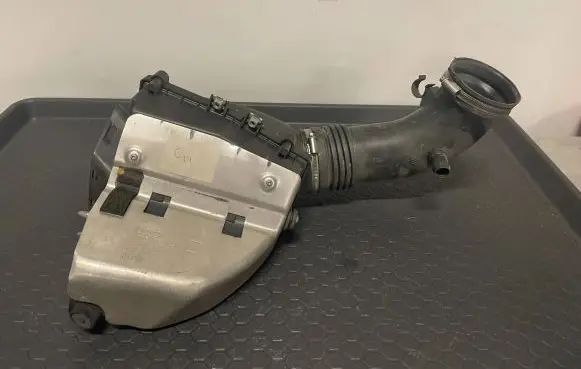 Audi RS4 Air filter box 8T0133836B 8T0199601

--

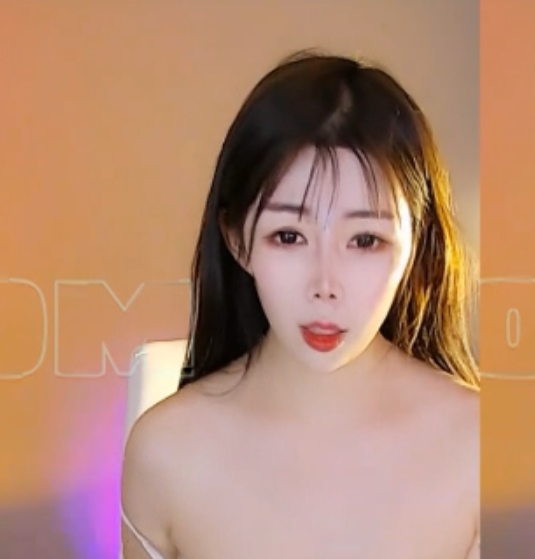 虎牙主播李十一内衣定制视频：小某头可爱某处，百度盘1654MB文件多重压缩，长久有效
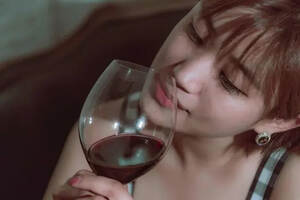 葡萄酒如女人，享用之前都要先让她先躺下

WHAT IS BEING ASKED:
Give again the stretch of lines above from the one with "虎牙主播李十一内衣定制视频：" through the one with "葡萄酒如女人，享用之前都要先让她先躺下", both ends kept, and copy no pictures.

OUTPUT FOR THIS TASK:
 虎牙主播李十一内衣定制视频：小某头可爱某处，百度盘1654MB文件多重压缩，长久有效
 葡萄酒如女人，享用之前都要先让她先躺下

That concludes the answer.